Panamá e
Nicarágua, dois canais e um sonho novamente compartilhado.
As novas eclusas do Canal do Panamá contam com
tecnologia radicalmente superior às construídas há cem anos, e suas comportas
são rodantes e não com dobradiças. Na foto, um dos operários na câmara do canal
ampliado em Cocolí, na costa do Oceano Pacífico. Foto: Iralís Fragiel/IPS.
Por Iralís Fragiel, IPS –
Cidade do Panamá, Panamá, 30/6/2015 – Nicholas
Suchecki Guillén é cego. Mas, para ele, era um sonho conhecer a ampliação do
Canal do Panamá. Tocar a câmara de concreto e ser parte da nova história de seu
país. Seus pés se apoiaram sobre o terceiro jogo de eclusas em Cocolí, na costa
do Oceano Pacífico. Ele teve o privilégio de integrar o último grupo que pôde
visitar o complexo antes de começar sua inundação, um longo processo que nesse
lado começou no dia 22 deste mês.
Assim como esse garoto de 11 anos, muitos
panamenhos visitaram gratuitamente as novas eclusas, com visitas promovidas
pela Autoridade do Canal do Panamá (ACP), órgão estatal que dirige a via
interoceânica desde que foi devolvida pelos Estados Unidos, em 1999.

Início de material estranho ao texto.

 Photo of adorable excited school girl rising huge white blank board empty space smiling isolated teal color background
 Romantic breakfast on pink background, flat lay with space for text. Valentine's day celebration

“É um orgulho ver o que fizemos. Quando foram
construídas as primeiras eclusas, participaram 222 panamenhos. Agora foram
36.276”, afirmou à IPS o engenheiro Luis Ferreira, porta-voz da ACP. A
ampliação também representa uma promessa de crescimento econômico. “O dinheiro
arrecadado com o Canal foi superior a US$ 9 bilhões entre 2000 e 2014. Com as
novas eclusas, se prevê que possa chegar a US$ 3 bilhões por ano”, acrescentou.

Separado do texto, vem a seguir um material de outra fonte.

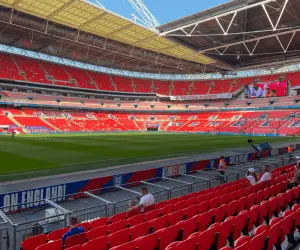 Interior view of a stadium featuring rows of red seats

A obra, que neste final de mês já completou 89,8%,
exigiu investimento de US$ 5,25 bilhões e começou no dia 3 de setembro de 2007.

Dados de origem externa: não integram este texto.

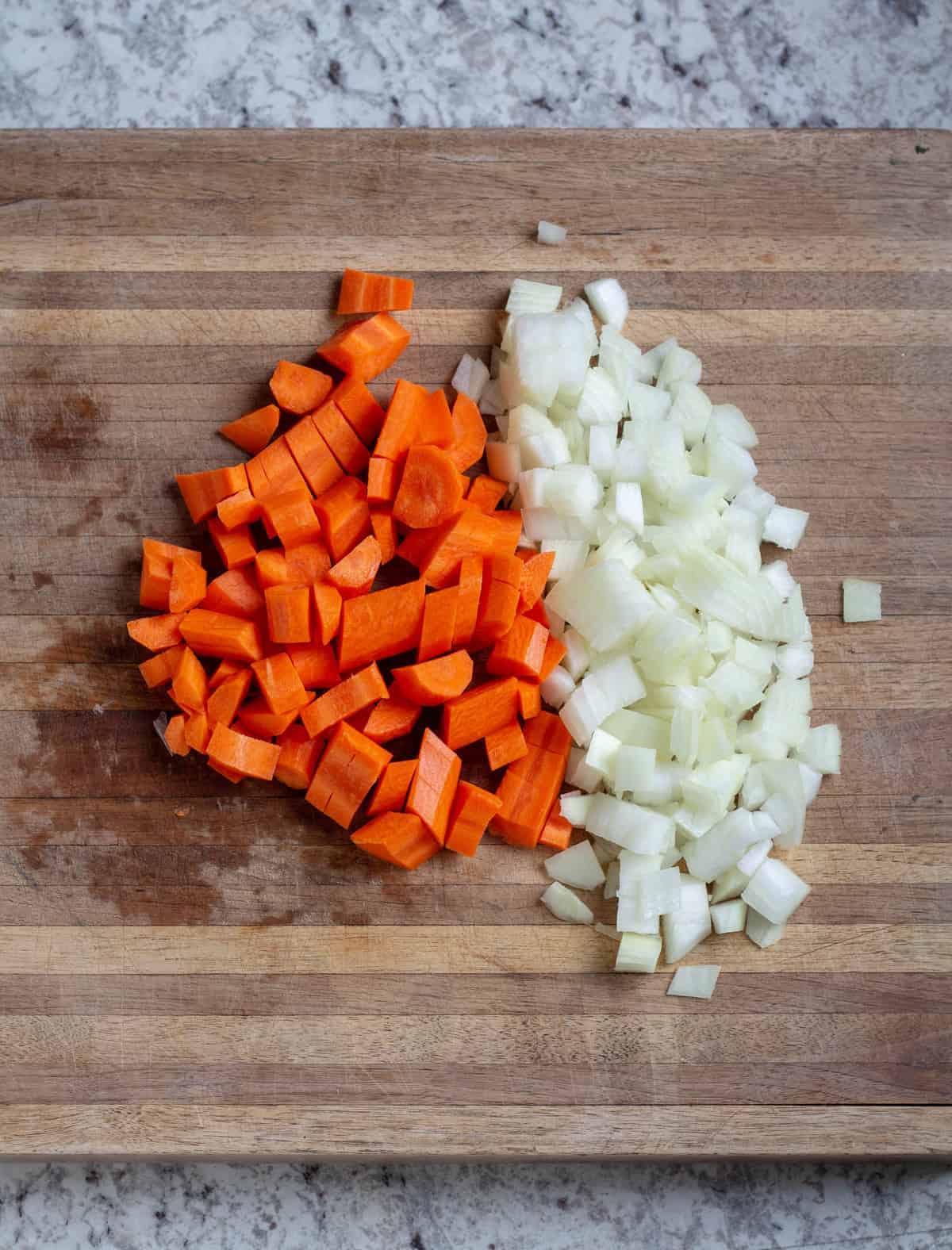 chopped carrots and onions on wooden cutting board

Seu funcionamento comercial será ativado no primeiro trimestre de 2016. Com
esse megaprojeto, o Panamá espera aumentar o trânsito diário dos atuais 35 a 40
navios para 48 a 51 embarcações. O novo canal também permitirá a circulação de
navios de maior capacidade.
Início do enchimento das novas eclusas do ampliado
Canal do Panamá, em Cocolí, na costa do Oceano Pacífico. A monumental obra já
está 90% pronta e entrará em operação no começo de 2016. Foto: Cortesia da
Autoridade do Canal do Panamá.
Atualmente, passam pelo Canal embarcações que podem
transportar até cinco mil toneladas e, com a ampliação, os chamados navios
NeoPanamax poderão carregar até 13 mil toneladas. As novas eclusas têm 427
metros de comprimento e funcionarão com 16 comportas rodantes. O emblemático
prédio do Empire State, de Nova York, caberia deitado, incluindo sua antena, no
canal ampliado.
Cada navio utiliza em sua passagem cerca de 197
milhões de litros de água doce procedentes do lago Gatún. Com as novas eclusas,
foi criado um sistema que permite economizar ao menos 7% do recurso, mediante
recipientes de reutilização que reciclarão a água três vezes antes de
despejá-la no mar.
Porém, nem tudo é positivo. Para Marco Gandásegui,
sociólogo e professor da Universidade do Panamá, a arrecadação proveniente do
Canal não é aproveitada para um desenvolvimento com inclusão social neste país
de 3,8 milhões de pessoas, e teme que o mesmo aconteça com sua ampliação. “Há
grande preocupação quanto a que a ampliação do canal sirva à marinha mercante e
não às pessoas”, afirmou à IPS.
Segundo Gandásegui, “os que nos governam não
estabeleceram um plano de desenvolvimento nacional e algumas localidades nem
mesmo têm água potável. Desde 2000, foram arrecadados US$ 25 bilhões e se
desconhece como foram investidos”. O professor deu como exemplo do déficit de
desenvolvimento criado pelo dinheiro obtido com o canal o fato de apenas 40% da
força de trabalho panamenha ter emprego formal, enquanto 60% atua no setor
informal. “Temos uma estrutura social que poderia ser mudada com essa enorme
riqueza gerada pelo Canal”, ressaltou.
Nicholas Suchecki Guillén, menino cego de 11 anos,
concretizando seu sonho de tocar as eclusas da ampliação do Canal do Panamá, no
complexo de Cocolí, na costa do Oceano Pacífico, no dia 25 deste mês, durante a
última visita permitida antes de começar o enchimento da monumental obra. Foto:
Iralís Fragiel/IPS.
A União de Práticos do Canal do Panamá realiza
protestos desde 2014 diante da ACP por sua gestão da obra. O último foi no dia
3 deste mês, quando também denunciou, em um comunicado, que o processo “sofreu
tropeço após tropeço”, com “custos adicionais, improvisos e atrasos”. O maior
contratempo durante a construção foi registrado em 2014, quando em fevereiro o
consórcio encarregado da obra, o Grupo Unidos pelo Canal (GUPC), paralisou os
trabalhos por 15 dias, porque a ACP rejeitou assumir alegados aumentos nos
custos.
Segundo dados da ACP, atualmente as reclamações por
custos adicionais do GUPS, liderado pela construtora espanhola Sacyr
Vallehermoso, totalizam US$ 2,337 bilhões e estão em processo de resolução por
uma junta especial. A primeira dessas reclamações resolvidas foi de US$ 463
milhões de custo adicional, pela menor qualidade do basalto fornecido por uma
mina local. A ACP informou que reconheceu apenas US$ 233 milhões.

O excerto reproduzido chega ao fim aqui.